According to John 8.44 the devil is “the father of lies and there is no truth in him at all”. So in the first reading the devil is telling lies to our first parents Adam and Eve. He says that ‘God is jealous and does not want to share his knowledge of good and evil with you. He does not want you to be his equal. He jealously wants to keep things to himself. Eat the fruit that is forbidden and you will be equal to God’. Sadly Adam and Eve believe the lie told them by the devil. He tricks them, he cheats them. They eat the fruit as the story goes and their eyes are opened and they realise they are naked. In other words, they see that their sin, not God, has stripped them of happiness, peace and contentment in the relationship they had with God prior to the devil tricking them with his lies.
It is like the case of a young man who is pressurised by his friends to take drugs. They tell him he will be much happier if he uses them. He believes them and soon he is enslaved by drugs. He becomes almost sub-human the more dependent on drugs he is. It is hardly God who can be blamed for punishing him.
The devil has tricked Adam and Eve by lying to them saying that God wanted to deprive them of what would give them total happiness. Instead of trusting God and believing in him they believe the devil’s lie.
This then is the centre of all temptation, not to believe God, not to trust God. To put ourselves at the centre and decide without listening to God what we want to do with our lives. That is the choice we have.
It is the same dynamic at work in the gospel. The devil tries to trick Jesus. It is a temptation to take the wrong turning, to centre on self instead of on God. Jesus realised that he had great powers and he could have used them to go on a big ego-trip. If he had done what the devil wanted him to do he could have had a huge following. The Jews were expecting a political messiah, one who would overthrow the Romans. If Jesus had used his powers to turn stones into bread or whatever else he wished, if he had jumped down from the temple, and if he received all the kingdoms and their splendour promised by the devil, imagine what power he would have had over people.
Thus the devil tries to seduce or trick the human Jesus with an offer of immediate power, with a short-cut to success. Basically he tempts Jesus to cheat on his humanity. He wants him to avoid living as fully as possible the human condition. It was a call to instant gratification.

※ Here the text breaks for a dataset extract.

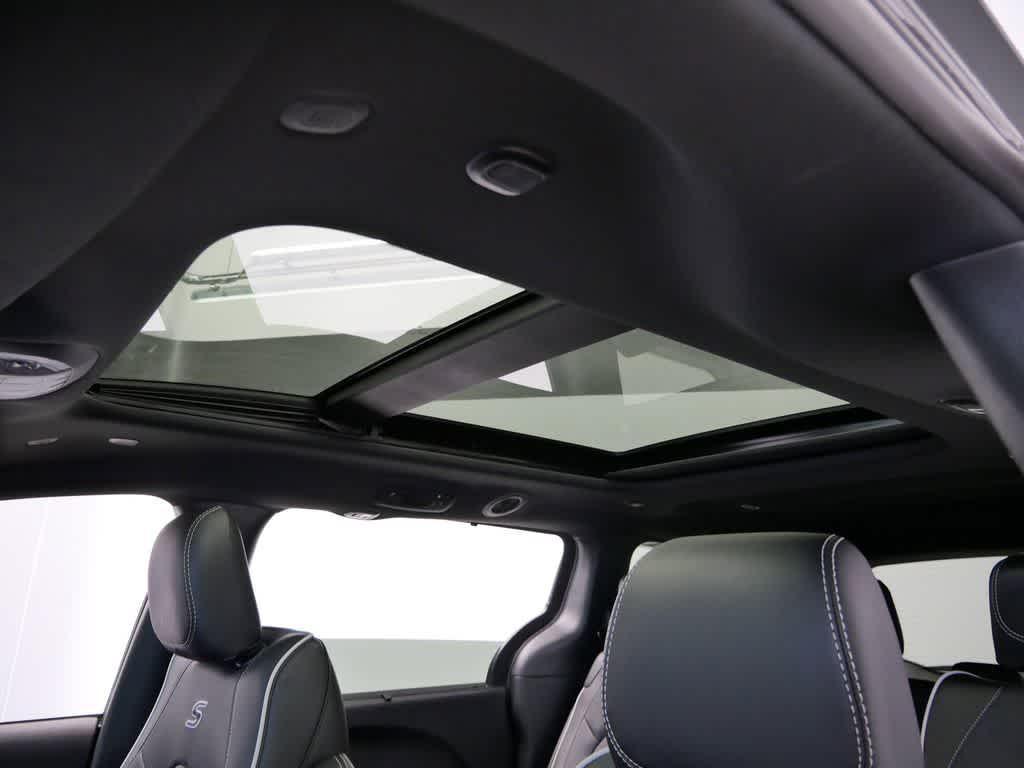 new 2026 Chrysler Pacifica car, priced at $54,125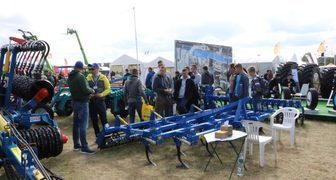 Оборудование для обработки почвы и сбора урожая на выставке Agro Show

But Jesus rejects all three temptations. His firm conviction is that as a human being one does not doubt God. Even if God promises are not immediately present and fulfilled our faith calls us to trust that God is on our side. This is the message of the temptations. God will do everything to help us in this life because he is a father who loves us passionately and unconditionally. He is not holding anything back from us. He gives us all he knows we need. He is not a jealous parent who does not want us to live a full and happy life. No. God wants us to be truly happy and he is saying that we cannot be happy apart from him.
Jesus is showing us the path to follow. Jesus is all for God. He never doubts God’s designs, his plans for our good even in the midst of his own terrible suffering. This is basically what our faith and trust is about. It is a call us to believe God’s promises. This is what we must cling to with the help of the Holy Spirit, especially in times of crisis and pain. Is God with us? Indeed he is. But are we with God?
The Good News is that despite our doubts and failures Jesus knows our struggles to overcome temptation. He experienced them. In the letter to the Hebrew 4.15-16 we are told: “For it is not as if we had a high priest who was incapable of feeling our weaknesses with us. But we have one who has been tempted in every way that we are, though he is without sin. Let us be confident then in approaching the throne of grace, we shall have mercy from him and find grace when we are in need of help.”
“Lord Jesus, help us to believe this and trust in your great desire to help us especially when tempted”.